Durante unos meses Anna y Victoria viven una relación amorosa de la cual ambas
se sienten orgullosas y donde la felicidad de una era prioridad para la otra,
sin embargo, un día, Sam llegó pidiendo resguardo a la casa Woburn y él y Anna
reiniciaron su relación.
Por cierto, cuando Anna
y Sam se reencuentran, éste se hallaba un tanto trastornado y relatándole a
Anna lo que había sido de él desde el día que no supo de ella, le cuenta lo
siguiente:
-Abandoné la esperanza de ser
alguien –decía-. El objetivo de mi vida era huir de lo que me rodeaba, vivir en
un sitio donde ya nada pudiera hacerme daño. Intenté destruir mis lazos uno a
uno, dejar escapar las cosas que me importaban. La idea era lograr la
indiferencia, una indiferencia tan poderosa y sublime que me protegiera de
cualquier ataque. Me despedí de ti, Anna,… del pensamiento de volver a casa,
incluso intenté despedirme de mi mismo. Poco a poco me volví tan calmo como un
Buda, sentado en mi rincón sin prestar atención al mundo que me rodeaba. Si no
hubiese sido por mi cuerpo –las demandas ocasionales de mi estómago y de mis
instintos- tal vez no hubiese vuelto a moverme. Me repetía a mí mismo que la solución
perfecta consistía en no desear nada, no tener nada, no ser nada.

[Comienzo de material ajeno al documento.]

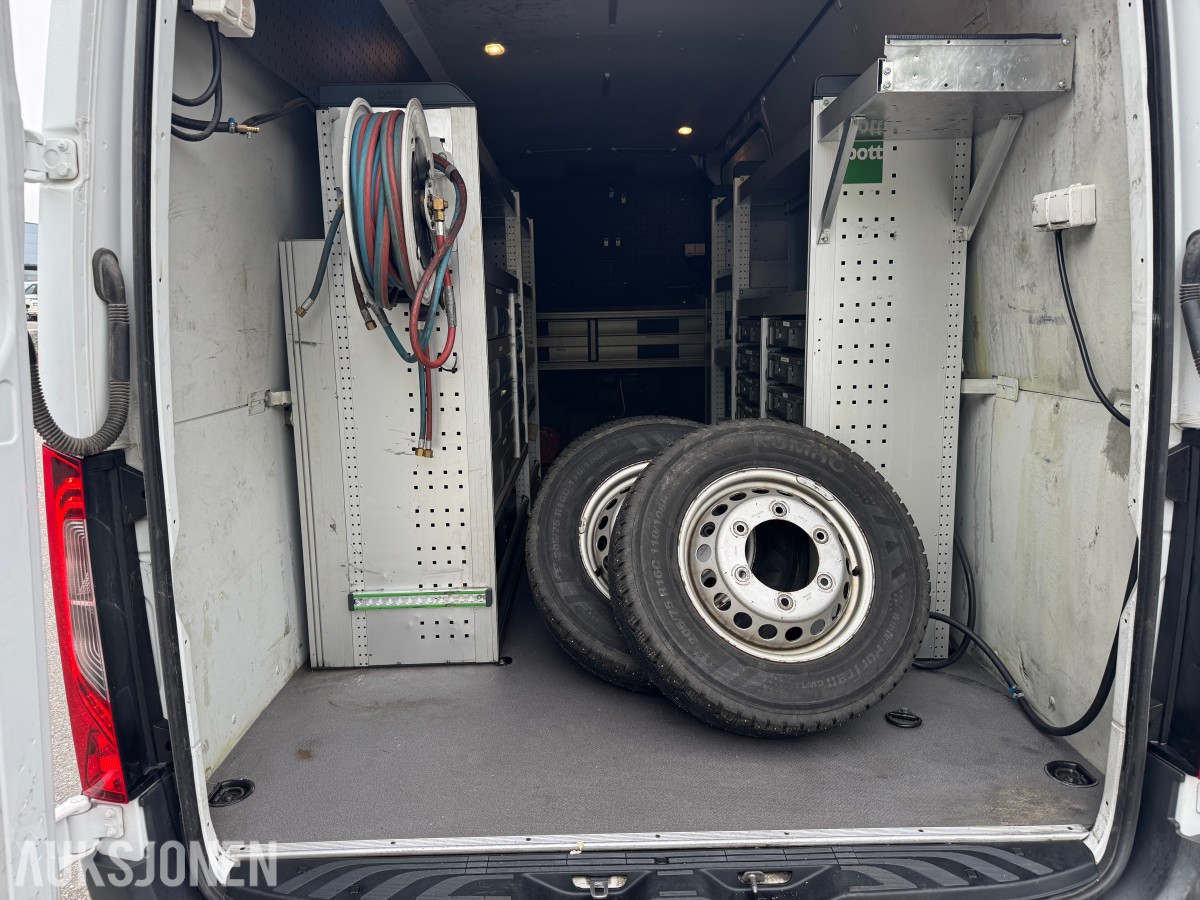 2020 Mercedes-Benz Sprinter - 190 hk Automat servicebil med verkstedinnredning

Al final
llegué a vivir casi como una piedra. (179).
A medida que fue
transcurriendo el tiempo, la Residencia Woburn se fue viniendo abajo y tuvieron
que cerrar sus puertas y sólo le queda a Victoria, a San y Anna la idea, aunque
prácticamente sin esperanzas, de intentar huir del país.
Finalmente, Anna se
dirige a su destinario y le explica cómo empezó a escribir y hasta le pide que
si no lo desea ni lea la carta, que se la lleve a sus padres para que la
conserven como un recuerdo.
El
país de las últimas cosas me recordó dos novelas que había
leído: una Las intermitencias de la
muerte (2005) del gran J.
Saramago (1922-2010) y La Carretera (2006) de C. MacCarthy (1933). La primera, tal
vez porque la gente deja de morir y eso genera un gran embrollo dentro del
equilibrio de la vida en el planeta: definitivamente la vida y la muerte forman
parte de un mismo ciclo. En El país…la
gente moría y moría pero los cuerpos eran una fuente material, tangible, real
de calor. No había alternativas al respecto.
La
Carretera también nos genera desolación pues, prácticamente,
la vida en La Tierra es arrasada: un padre y un hijo intentan sobrevivir
buscando la carretera hacia el sur. Al final el padre muere y el niño continúa
su camino. Lo que ocurre de allí en adelante no lo sabemos. Otro punto de
contacto entre El país…y La Carretera es el hecho que los
protagonistas principales utilizan un carrito de esos de supermercado, objeto
que se les hace imprescindible dentro de la terrible experiencia que les toca
vivir.
El
país… es una novela con un argumento que “atrapa”. Auster
introduce elementos, y reflexiones que poseen una clara filosofía de vida pero
se trata de una filosofía que podríamos llamar “realista” pues las escogencias
que tienen que “elegir” los personajes, no irrumpen nunca dentro del campo de
la llamada “literatura de autoayuda” sino que se basan ante lo que la “cruda
realidad” les pone frente a sí mismos.
Caracas, 24 de
septiembre de 2013.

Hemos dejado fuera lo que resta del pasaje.